Protesters slam Miami's plan to make Tower Theater a tourist center
A couple dozen protesters gathered yesterday outside Tower Theater to condemn the City of Miami's plan to convert the art-house movie theater in Little Havana into a tourist welcome center and performance space.
Catch up fast: Miami's government is reclaiming the city-owned theater after terminating a management agreement with Miami-Dade College, which has run the space for 20 years.
- Miami Commissioner Joe Carollo, whose district includes Little Havana, defended the decision at a press conference Monday, saying the theater's attendance is low and the city wants to optimize the property after investing millions in renovations.
Details: The city plans to continue screening movies at the theater, Carollo said. But it will expand programming to include short documentaries catering to tourists regarding Miami's attractions and local history.
- The theater — apart from serving as a welcome center with tourist pamphlets — will host plays and include a rotating art exhibit on the second floor, Carollo said.
What they're saying: Local filmmaker Chris Molina, who created a petition to save the theater, told Axios that the city's overhaul would "take the life out of" Little Havana.

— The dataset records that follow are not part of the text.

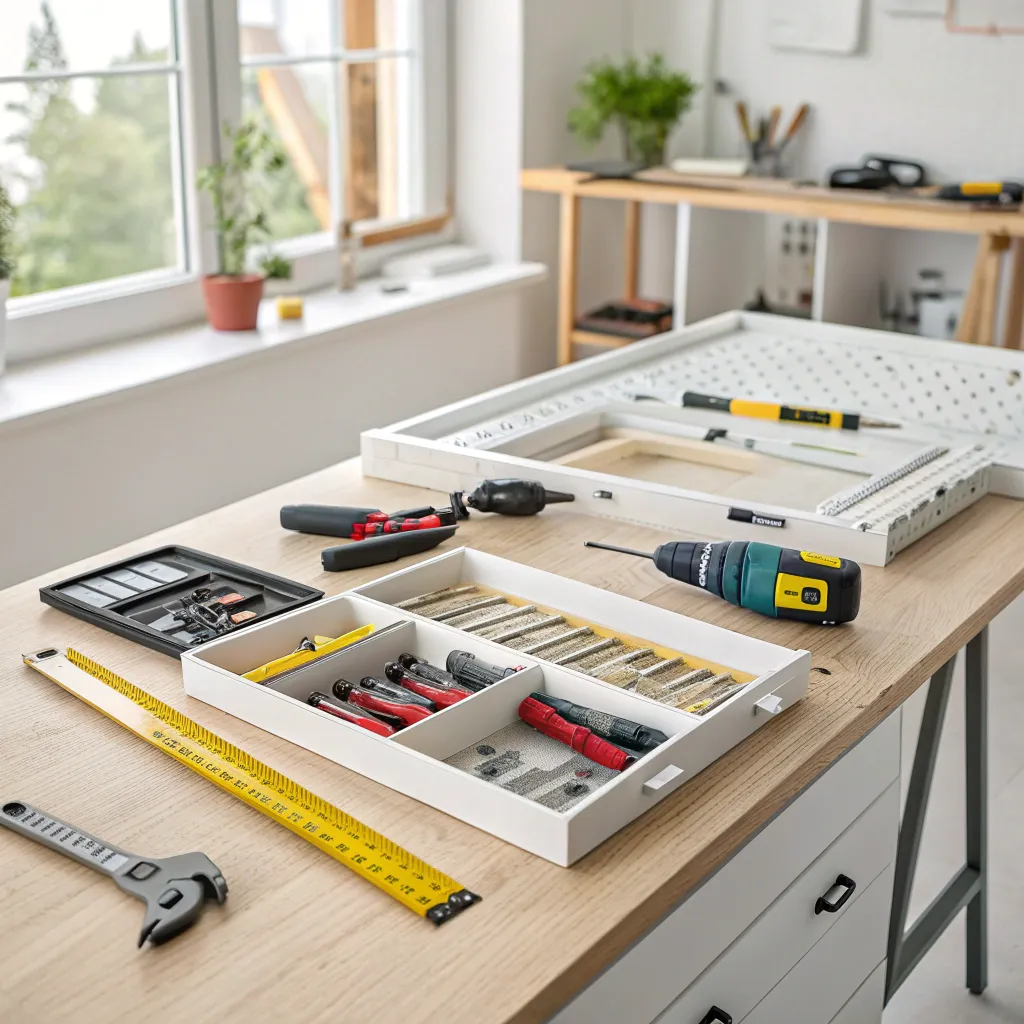 A beautifully organized workspace with tools for assembling furniture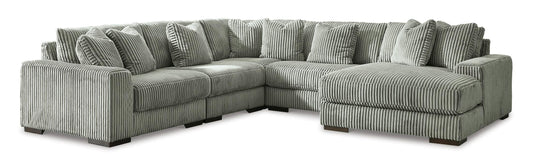 Lindyn 5-Piece Fog Sectional with Chaise Right-Facing - alternate view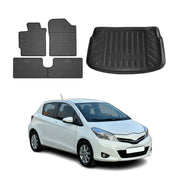 Kit Tapis de sol et coffre pour Toyota Yaris III 2012-2026 HB TPE Noir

- "It's pretty disappointing that they have still decided to go through with this plan to create a visitor center when so many people already love it the way it is," Molina said.
Meanwhile, Miami-Dade College says it can make the same changes outlined in the city's plan without being removed as the theater's manager, Miami New Times reports. The management agreement expires in January.
- "MDC can implement many of his excellent ideas in as little as 30 days — much sooner than a change in management," the college said in a statement about Carollo's plan.
What we're watching: Molina said protesters may have to show up in person to urge action from the City Commission, whose next meeting is Oct. 13.
- "If a petition doesn't do it and a protest doesn't do it, we need to just take it to their face," he told Axios.